When the degree of opening of the throttle valve 20 exceeds a value 62, the negative pressure in the vacuum chamber 14 decreases so much that the spring 15 deflects the diaphragm 13. Thereby the valve element 16 closes the second opening 17 and opens the first opening 24. Thereby the float chamber 12 is connected to the inlet pipe 5 via The channel 11, the chambers 25 and 26, the channel 9 and the box 8. When the degree of opening of the throttle valve 20 exceeds a value B1, when the overlap pressure of the turbine 3 is a sufficient value to create overcharging. The high supercharging pressure is propagated to the float chamber 12. Thus, the fuel is fed into the float chamber to the inlet duct 19 under the influence of the difference between the supercharging pressure and the pressure at the carburettor vent pipe.
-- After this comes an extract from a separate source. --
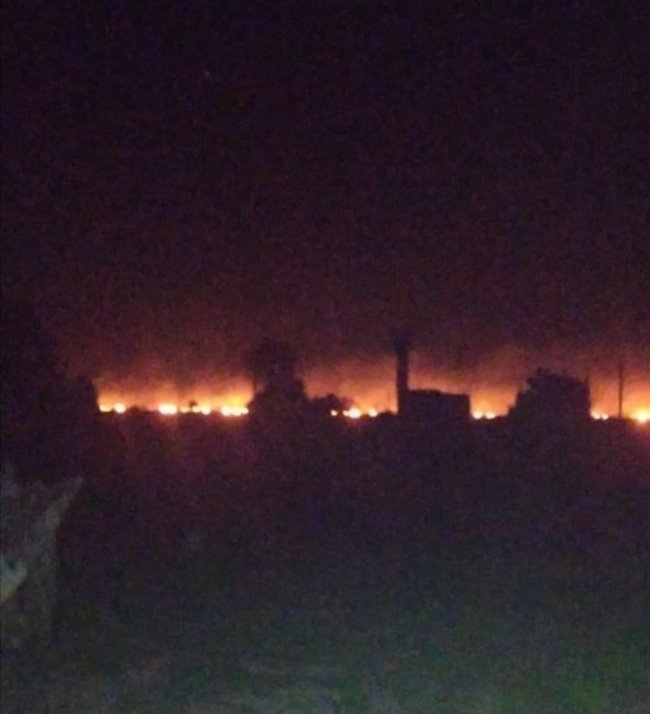 У селі неподалік Луцька горить поле. ФОТО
From the above it appears that the present invention provides a device with the function of reducing the temperature of the fuel in the float chamber at a small start-up in order thus to prevent flow. Although the presently most preferred embodiment of the present invention has been shown and described, it should be pointed out that the invention may be varied in many ways within the scope of the claimed patent protection. m.

Claims (1)

Device for controlling a carburettor (6) on an engine (1), which device comprises an inlet pipe (5), a float chamber (12) for supplying fuel to the carburettor (6), duct means with a first duct (9) connected to the inlet pipe (5) and a second duct (11) connected to the float chamber (12), an inlet duct (19) for connecting the inlet pipe (5) to the carburettor (6) , a throttle valve (20) arranged in the inlet duct (19), a ventilation pipe (18) for connecting the float chamber (12) to the inlet duct (19), and a reversing valve (10) between the first and second ducts (9, 11) for connect the float chamber (12) to the inlet duct (19) and to the atmosphere after the load on the engine (1), - characterized in that a compressor (3a) included in a supercharger (3) is connected to the inlet pipe (5), that a box (8) is arranged between the inlet pipe (5) and the inlet channel (19), that the first channel (9) is connected to the box (8), that approx. the filling valve (10) has a diaphragm (13), a vacuum chamber (14) delimited by the diaphragm, a valve element (16) operatively connected to the diaphragm (13), a third channel (22) for connecting the vacuum chamber ( 14) to the inlet duct (19) downstream of the closed position of the throttle valve (20), a first opening (24) for connecting the second duct (11) to the first duct (9) and thereby connecting the float chamber (12) to the box (8), and a second opening (17) for connecting the second channel (11) to the atmosphere, the vacuum chamber (14) and the third channel (22) being arranged so that the valve element (16) closes the first opening ( 24) and opens the second opening (17) at light engine load to connect the float chamber (12) to the atmosphere.